Renovations at SSM Cardinal Glennon Children's Hospital help make stay more comfortable

The hospital can become a second home for families at SSM Cardinal Glennon Children's Hospital

For young patients battling cancer, the hospital becomes a second home during treatment. Now, SSM Health Cardinal Glennon Hospital is planning big changes to make families’ stays more comfortable.

Elsa Wiemerslage knows what it’s like to spend months at the inpatient cancer unit.

“You just think it would never happen to you, then — it hits you,” said Elsa’s father, Kevin.

The 6-year-old was diagnosed with a form of leukemia last year, and lived more than 100 days in the unit during chemotherapy treatments and and a bone marrow transplant. Located on the fourth floor, the cancer unit is called “4 North.”

“We want to make it a more homelike environment, so patients can be here anywhere from a couple of weeks to a couple months at a time,” said Michelle Romano, director of medical surgical oncology and transplant services at Cardinal Glennon.

Romano said “4 North” is part of of the original hospital building, constructed in 1956, and ready for significant renovations. Those upgrades are projected to cost $7 million, and construction begins this fall.

Improvements include:

  • Larger and more modern patient rooms, with more space for visiting families and better sleeping accommodations so two parents can stay together with their child
  • Private bathrooms and shower facilities in each patient room (currently, all patients on 4 North share one shower facility)
  • A larger and updated playroom for patients on the floor
  • Improved nursing station for the inpatient cancer unit staff

Romano said these improvements will make patients’ stays more comfortable, and -- with larger rooms and sleeping spaces -- keep families together during treatment.

“It keeps them together and it also supports the emotional as well as the physical healing of the patient,” she said.
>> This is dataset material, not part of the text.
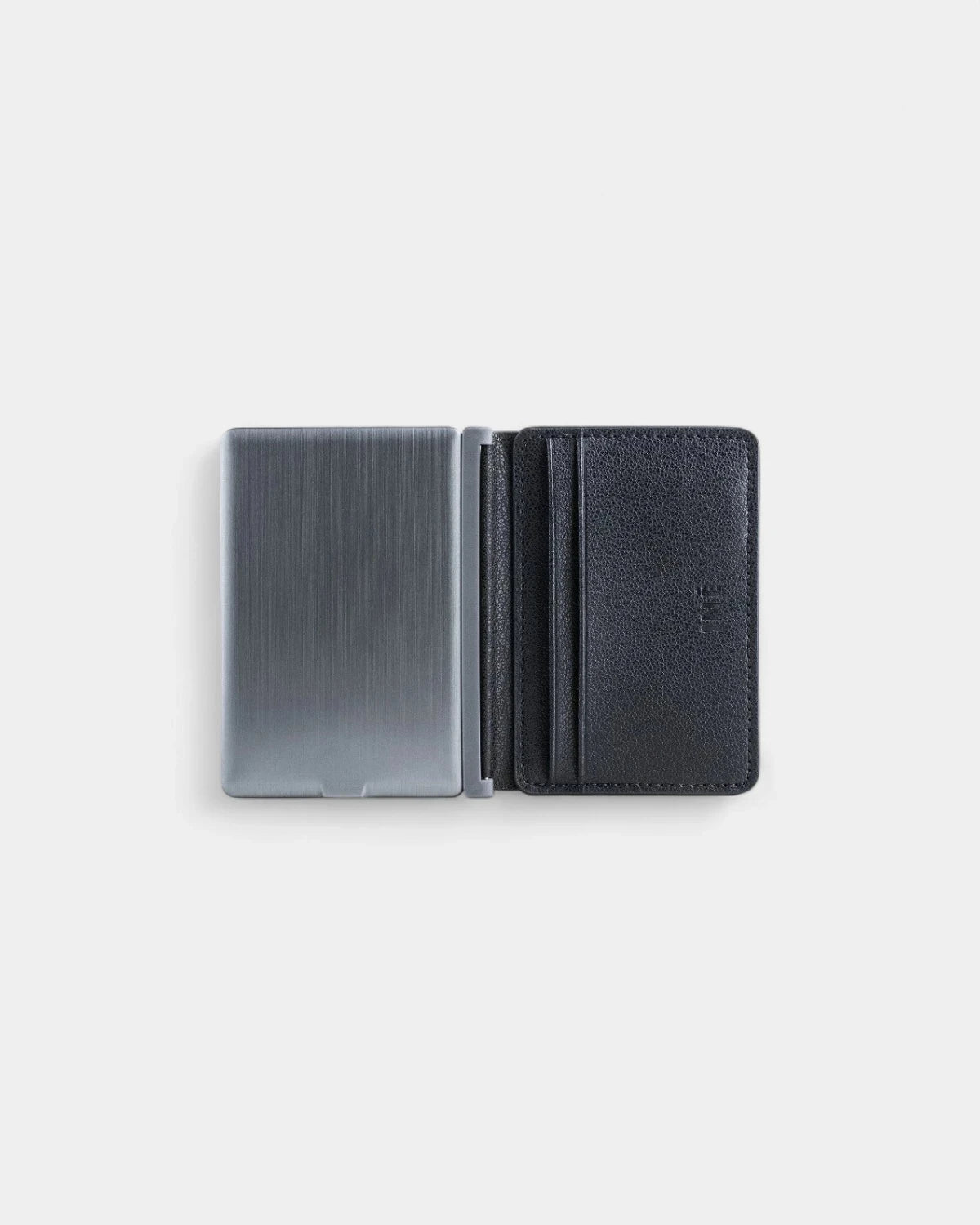 Porte-cartes INE anti-RFID en cuir recyclé personnalisable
You don’t want them to separate just because we don't have the space available.”

“It’s important to get both parents here as much as you can,” added Kevin Wiemerslage.

His daughter, Elsa, is doing much better. Her little brother, Eli, was born during her treatments last year and was a perfect match for a bone marrow transplant through his cord blood. Elsa has moved out of 4 North and only visits the hospital’s outpatient cancer center during her recovery.